Rosana Faría, en “¿De qué color son los niños y las niñas bonitas?”, coloca sobre la mesa una de las preguntas más incómodas del número: cómo representamos a la infancia en las imágenes. A partir de esa pregunta aparentemente inocente, se abre un debate sobre racismo, normatividad, cuerpos, pieles y rasgos que aparecen —o no aparecen— en los libros. Es un texto que obliga a revisar tanto catálogos como miradas personales.
En “Cuando encontré el camino de mi voz”, Noemí Villamuza ofrece un relato muy honesto de su propio proceso. Habla de dudas, de etapas en las que no se reconocía en lo que dibujaba, de influencias pesadas y del momento en que empezó a sentir que su trabajo sonaba realmente a ella. Es especialmente valioso para quien está en pleno proceso creativo: desromantiza la idea del “estilo” como algo dado y lo muestra como una búsqueda larga y llena de tropiezos.
Tyto Alba, con “Novelas gráficas: biografías y adaptaciones”, se centra en la novela gráfica como herramienta para contar vidas y revisitar obras literarias. Explica qué implica traducir una biografía o un texto previo a un lenguaje de viñetas, qué se gana y qué se pierde por el camino, y defiende la madurez del medio, muy lejos de la etiqueta de “género menor” que aún arrastra en algunos contextos.
En “Cómo ver cosas invisibles, el proceso de creación”, Madalena Matoso abre su manera de trabajar. El núcleo de su propuesta es aprender a fijarse en lo que está ahí, pero nadie mira: detalles, márgenes, repeticiones, pequeñas rarezas. Desde esa observación de lo invisible va construyendo conceptos, imágenes y, finalmente, libros. Su texto tiene algo de cuaderno de trabajo compartido.
“Conversando con Limam Boisha y Gonzalo Moure”, de Ramón Melendi, articula un diálogo donde aparecen el desierto, el exilio, la infancia y la palabra como refugio. El foco se desplaza a realidades habitualmente invisibles para el lector occidental, y se muestra con claridad cómo el libro infantil y juvenil puede ser también un espacio para hablar de desplazamientos, fronteras y memoria colectiva.
Cierra el número “Albertine y Germano: un diálogo creativo entre imágenes y palabras”, con Albertine y Germano Zullo reflexionando sobre su forma de trabajar juntos. Lo interesante es cómo desmontan la idea de que uno escribe y el otro “solo ilustra”. Hay una conversación constante entre texto e imagen, con momentos en que la palabra se retira para dejar hablar al dibujo, y otros en que la imagen baja la voz para sostener una sola frase. Es casi una pequeña lección de cómo pensar el libro ilustrado como un verdadero encuentro entre dos lenguajes.

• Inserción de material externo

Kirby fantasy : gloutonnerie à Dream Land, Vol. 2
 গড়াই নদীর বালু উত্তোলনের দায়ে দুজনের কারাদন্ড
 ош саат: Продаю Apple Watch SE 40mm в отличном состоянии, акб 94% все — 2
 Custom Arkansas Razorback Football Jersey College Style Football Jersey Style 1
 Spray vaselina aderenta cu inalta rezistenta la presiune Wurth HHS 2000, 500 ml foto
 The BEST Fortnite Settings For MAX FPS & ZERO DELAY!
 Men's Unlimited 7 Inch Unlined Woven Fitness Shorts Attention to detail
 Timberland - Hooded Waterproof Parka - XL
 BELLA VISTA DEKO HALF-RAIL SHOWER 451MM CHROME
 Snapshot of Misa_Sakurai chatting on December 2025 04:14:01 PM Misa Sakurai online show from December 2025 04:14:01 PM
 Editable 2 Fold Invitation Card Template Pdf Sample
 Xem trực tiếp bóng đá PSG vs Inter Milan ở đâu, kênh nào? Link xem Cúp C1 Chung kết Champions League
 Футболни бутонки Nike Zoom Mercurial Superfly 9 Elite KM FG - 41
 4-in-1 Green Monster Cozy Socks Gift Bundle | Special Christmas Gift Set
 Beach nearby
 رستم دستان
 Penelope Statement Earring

En conjunto, Peonza 153 no se limita a documentar un encuentro: propone una serie de preguntas directas sobre qué libros hacemos circular, qué historias decidimos contar y qué modelos de mundo estamos ofreciendo a la infancia. Es un número que interesará a quienes escriben o ilustran, a mediadores de lectura, docentes y bibliotecarios, pero también a cualquier persona que sospeche que un álbum ilustrado puede ser un lugar donde se juegan cosas bastante serias, incluso cuando todo parece “solo” un dibujo y unas pocas palabras.